Otra cosa era evitar el control de los fiscaleros o consumeros que esperaban en los andenes para cobrar impuestos o requisar directamente todo lo que se traía de tapadillo desde la Meseta. Así que antes de llegar a las estaciones no era raro contemplar en algunos puntos el lanzamiento de paquetes que eran esperados desde las orillas de la vía, aunque lo que sí resultaba más extraño era la coincidencia de varias embarazadas en el mismo viaje, o lo frioleros que eran algunos, que no dejaban el abrigo ni en los días más cálidos de agosto.
Quienes se dedicaban a este estraperlo de supervivencia, trayendo comestibles solo para que los suyos pudiesen comer o dedicando una pequeña parte a la venta para ganar unos reales, eran a menudo viudas del bando perdedor, mujeres de presos o gentes sin trabajo a las que no les que quedaba otra salida, pero además existía otra clase de estraperlo a gran escala en la que se movían grandes cantidades de carbón o chatarra con la complicidad de los de arriba y así -todos lo sabemos- se hicieron algunas honorables fortunas en las Cuencas.

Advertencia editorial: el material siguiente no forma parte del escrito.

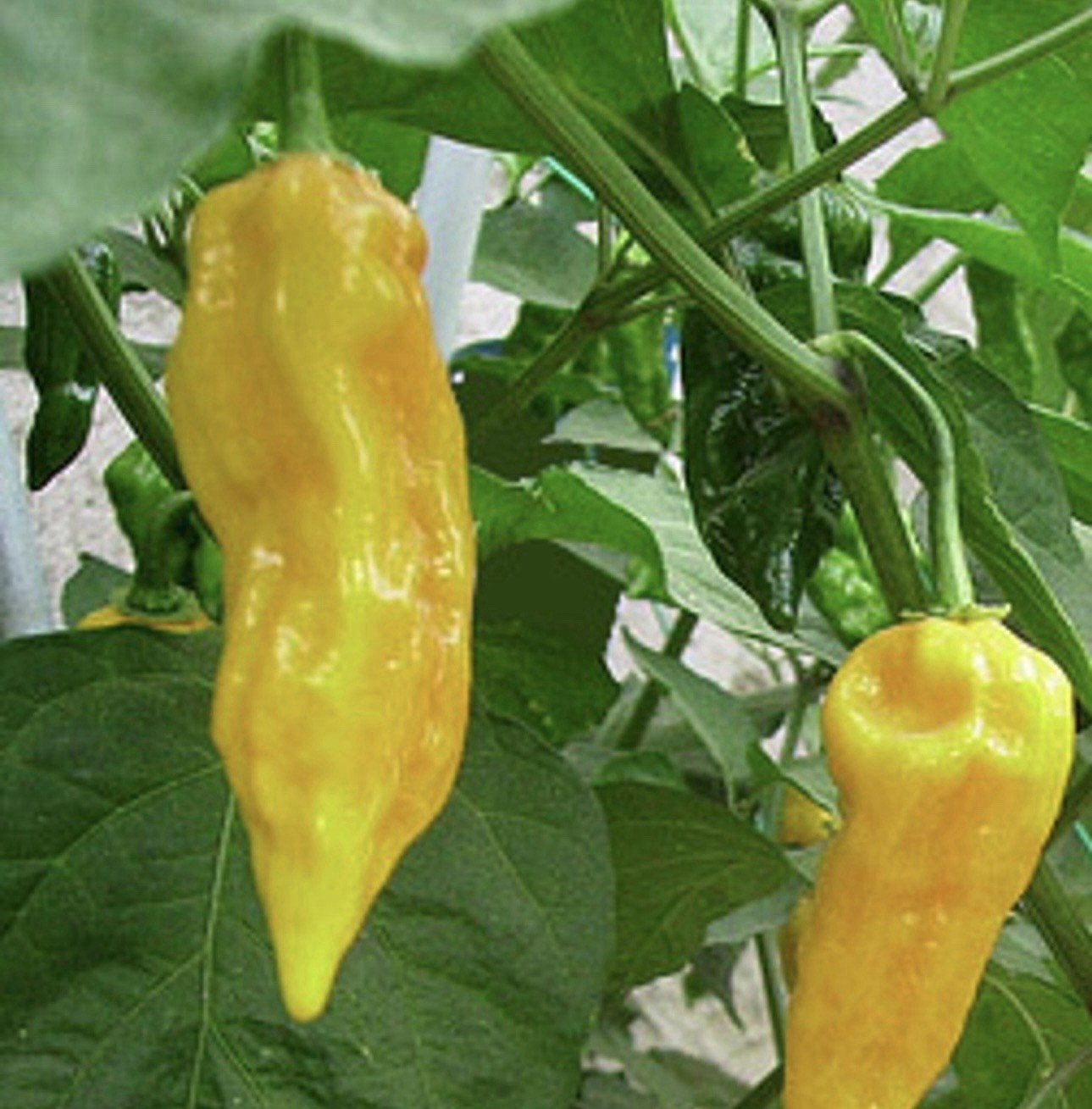 5 Brut Jolokia Yellow Pepper Plants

Esto puede y debe ser criticado, pero responde a la cultura de la picaresca que se estableció aquí en todas las capas sociales, a veces por necesidad y otras por avaricia, pero lo que tiene difícil justificación es el trapicheo con un producto que podía cambiar el destino de una persona en pocas horas evitando su muerte. Me refiero a la penicilina, que llegaba desde el extranjero a los aeropuertos de las capitales, se pasaba por las fronteras de los Pirineos o desembarcaba en los puertos marítimos, entre ellos el de El Musel; tenía la peculiaridad de que era necesario conservarla refrigerada y por ello casi siempre había que buscarla en los bares que tenían nevera, un electrodoméstico que entonces era desconocido en la mayoría de los hogares.
Entre los peligros que tiene Internet está la desinformación y allí puede encontrarse una historia imposible, que algunos dan por buena, en la que el Alexander Fleming, considerado como el benefactor de la Humanidad, no sale bien parado. Se cuenta que fue en la mítica coctelería que Perico Chicote regentaba en la Gran Vía madrileña y donde atesoraba la mayor colección de botellas que en aquellos años había en todo el mundo y allí don Alejandro se encaprichó de una que supuestamente había llevado de ida y vuelta hasta la Luna el astronauta Neil Armstrong.
-Yo se la regalo-exclamó Perico Chicote.
-Y yo le entrego a usted la exclusiva sobre la venta de la penicilina para todo Madrid- contestó el doctor Fleming.
Aceptando la tontería de que existiese la botella viajera, más difícil es saber como pudo conocer Fleming, quien falleció en 1955, que Armstrong había pisado nuestro satélite en 1969 y aunque es verdad que la penicilina del estraperlo se conseguía entonces en la Gran Vía y seguramente en Chicote, la única relación del preciado antibiótico con lo astronómico es el precio que alcanzaba en el mercado negro.
Los años del hambre tienen tanto que contar que debemos dejar para otro día las anécdotas de aquellas mercancías que no estaban racionadas pero que sufrían obligadas mutaciones, como las chaquetas, cuya interior se daba la vuelta cuando la cara exterior ya estaba ajada, o los pantalones que subían y bajaban sus dobladillos según iban cambiando de generación?En fin, disfrutemos de lo que tenemos.